# Got ahold of some old Nikons...



## Santa Gertrudis (Mar 6, 2010)

Today me and my Dad found my Grandfather's Nikon F (1960ish), and my Dad's Nikon F3. Are there any resources or tutorials out there for these? I would love to play around and shoot a little film through them. What are your thoughts? Thanks a lot in advance!


----------



## malkav41 (Mar 7, 2010)

You can take a look at: Free Camera Instruction User Manuals! $5.95 Repair Manuals!. They have quite a few manuals for free.
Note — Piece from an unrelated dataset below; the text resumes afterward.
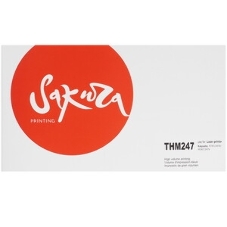 Картридж лазерный Sakura THM247 для Katusha Р247/М247 , черный, 13000 к.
Also you can look at this site: nikon camera instruction manuals. This is a really good site to find manuals and great info.


----------



## matfoster (Mar 7, 2010)

online F3 manual.
Camera Instruction Manual - Nikon F3


----------



## matfoster (Mar 7, 2010)

see if you can pick up an MD-4 for the F3. it might not improve your shots but it goes KTCHRRK-KTCHRRK-KTCHRRK really fast and looks really hard  (the best ones have the paint chipped off .)


----------



## the Virginian (Mar 7, 2010)

I have an F3 HP. It's the bees' knees.


----------



## LBPhotog (Mar 7, 2010)

The "Bad Ass" Factor of a F3 with an MD-4 (specifically if the paint's chipped) will earn you INSTANT respect in a group of photographers LONG before they see your images (no matter how good, or bad, they may be)


----------